As previously discussed, fatigue knows no limits when it comes to human activities (Enoka and Duchateau, 2016). Driver drowsiness warrants special attention because it plays a significant role in traffic accidents and safety (Brown, 1994; Lal and Craig, 2001; Zhang et al., 2016). Many metrics have demonstrated to be valid in assessing drivers’ cognitive states. Electroencephalography (EEG) and event-related potentials (ERP), optical imaging for cerebral blood flow, blood pressure (BP), electromyography (EMG), thermal imaging, HRV, and pupillometry are only a few examples (Lohani et al., 2019). HRV monitoring technology is critical in the early diagnosis of alertness and weariness in drivers. Their evaluation and quantification are required to reduce the dangers connected with a weary operator’s irregular performance (Egelund, 1982; Patel et al., 2011; Lin et al., 2018). Future research and practical technologies implementation faces the difficulty to suggest a fatigue management strategy that is time efficient, affordable, and objective. Smartphones and app development appear to have a lot of potential to withstand such a challenge. Mobile Health (mhealth) is a reality with a bright future in the treatment of pain, psychological distress, weariness, and sleep (Hernandez Silva et al., 2019). There are currently apps that use self-report and test measurements to detect fatigue in clinical populations (Mäcken et al., 2021). In addition, real-time facial and eye tracking is being used in drivers (Abulkhair et al., 2015). BAlert is a pioneering tool in terms of implementing objective psychophysiological fatigue metrics through a smartphone app (De La Vega et al., 2021b).

Despite the great value of these apps, more research is needed to ensure that they continue to provide real benefits to their users. As a result, the primary goal of this study was to determine if there are gender disparities in fatigue parameters among professional drivers using the BAlert app.

Materials and methods

Experimental design and participants

This study followed a quasi-experimental design (Montero and León, 2007). The tasks were fulfilled by a total of 2,331 professional drivers (i.e., BAlert). It took 2 min to accomplish both tasks. The sample was of 2,252 men (96.6%) aged 44.26 ± 10.997 and 79 women (3.6%) aged 36.11 ± 8.5. It’s important to consider that in this labor sector the participation of women is significantly lower than that of men. This justifies the percentage difference between them, an effect offset by a large sample number. For the collection of the sample, the voluntary help of the workers of the main mining and transport companies in Chile was requested, ensuring the confidentiality of the data and agreeing to collaborate jointly with the human resources departments of each of the companies.

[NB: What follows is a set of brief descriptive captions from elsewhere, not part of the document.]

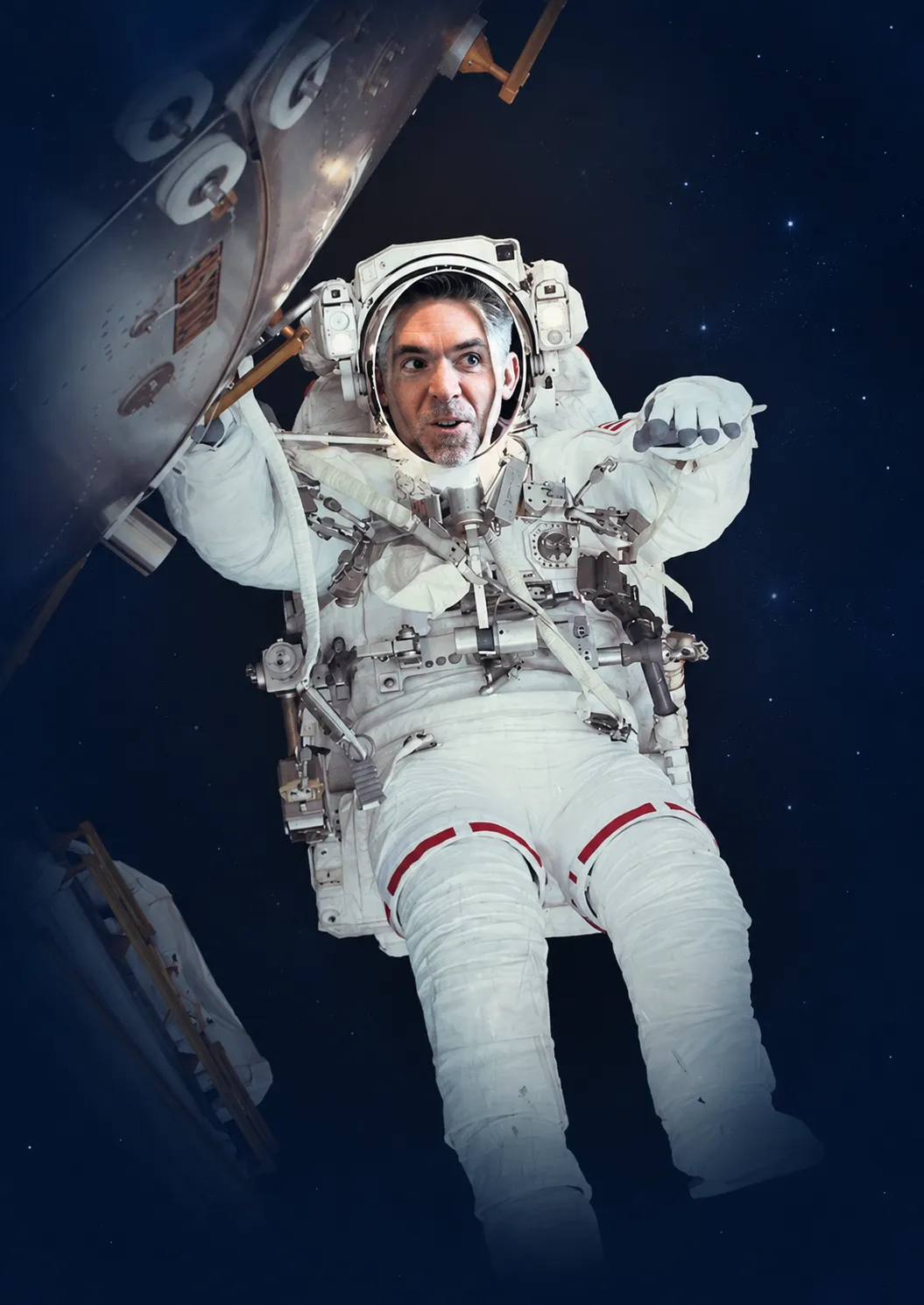 Bryan Clark, MA appearing as an astronaut floating in space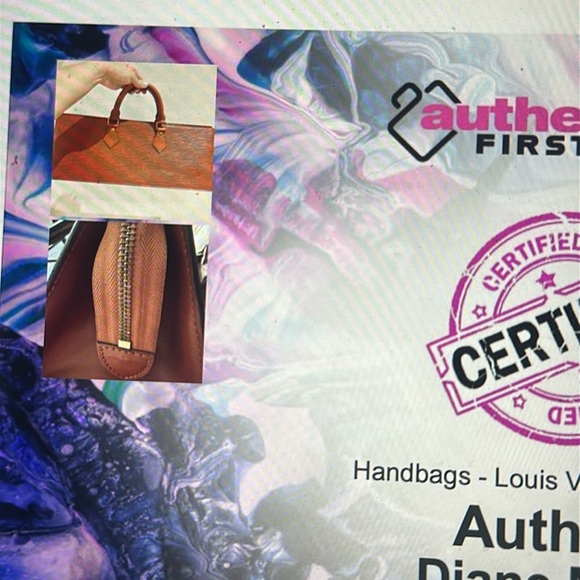 AUTHENTICATED LOUIS VUITTON EPI Leather SAC Triangle Hand Bag Cognac Brown +COA - Picture 3 of 16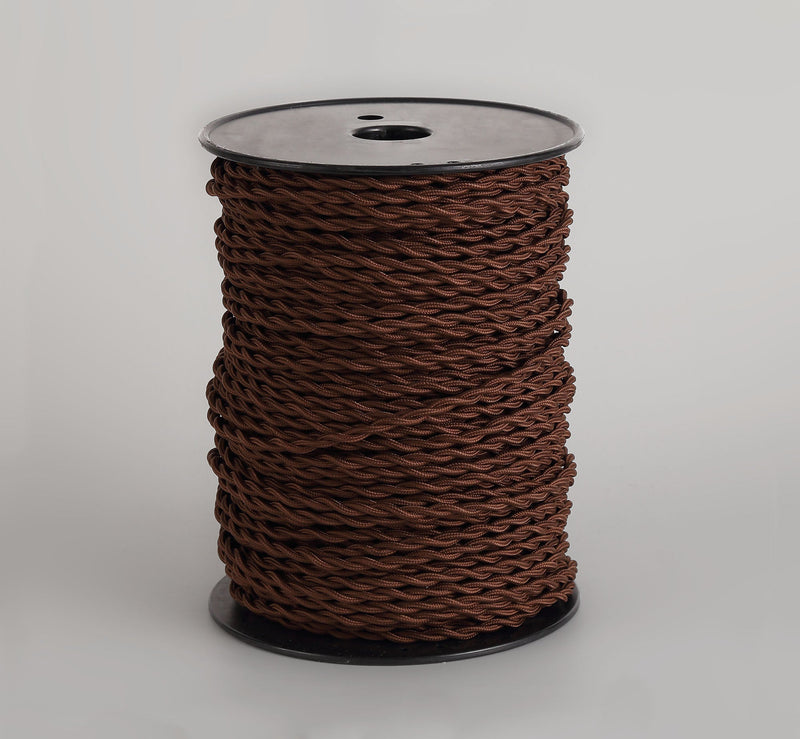 Deco Cavo 1m Brown Braided Twisted 2 Core 0.75mm Cable VDE Approved (qty ordered will be supplied as one continuous length) • D0244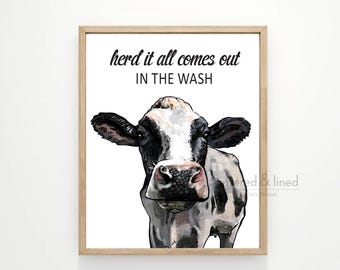 Funny Laundry Room Wall Art, Cow Farmhouse Wall Decor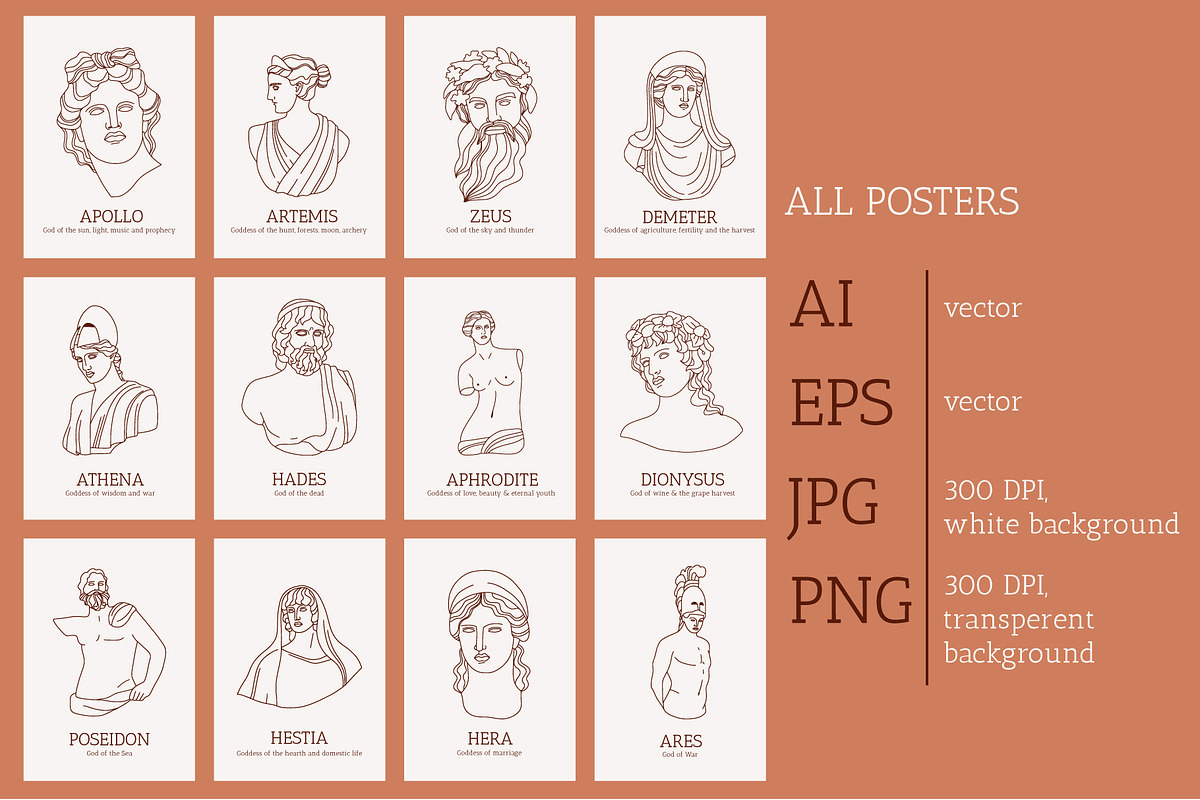 MODERN ANTIQUE vector gods bundle, an Illustration by Lena Nikolaeva (Photo 4 of 14)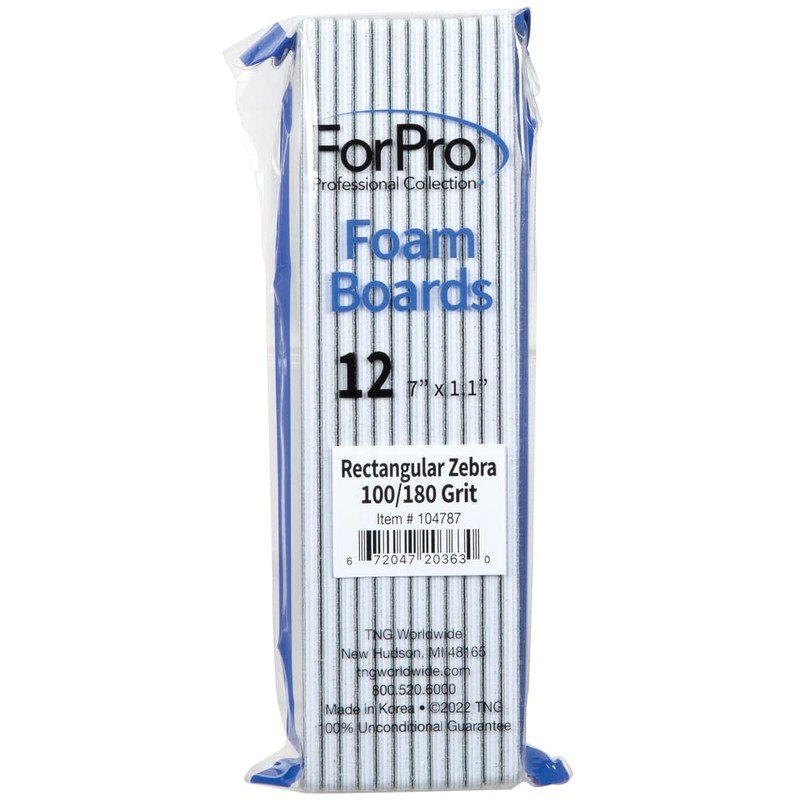 ForPro Professional Collection Rectangular Foam Boards, Zebra, 100/180 Grit, Double-Sided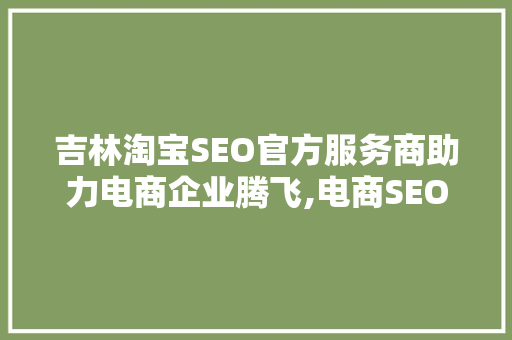 吉林淘宝SEO官方服务商助力电商企业腾飞,电商SEO优化之路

Instrumentation and study variables

The BAlert app, which can be downloaded for Android and iOS, was used to measure all of the variables in the study. The engineering team made upgrades to the earlier version (i.e., De La Vega et al., 2021b) taking into account the suggestions made by the investigators. Attempts were conducted on beta releases of the software to ensure that the updated features worked as intended. The app provides participants reports (i.e., output) on their level of fatigue based on the responses or results of each task (i.e., input).

  • 1.

    Hours awake. Self-reported.

  • 2.

    Stroop Color-Word test. The number of correct responses in a predetermined period of time is recorded. The test’s scoring was based on a proposal by Scarpina and Tagini (2017).

  • 3.

    Temporal parameters of the Heart Rate Variability. Especifically, AVNN, RMSSD, SDNN, and PNN50.

  • 4.

    Samn-Perelli scale and Epworth questionnaire. According to Gawron’s (2016) overview, they have proven to be appropriate and adequate for the scenario (2016). It is worthy to mention that the Samn-Perelli scale is modified and goes from 1 to 10.

  • 5.

    Stress. Based on the inputs it is reported by the apps software as a continuous variable.

  • 6.

    Stroop output, PNN50 output and overall fatigue level. Based on the inputs, software reported as categorical variables (i.e., severe, normal, moderate).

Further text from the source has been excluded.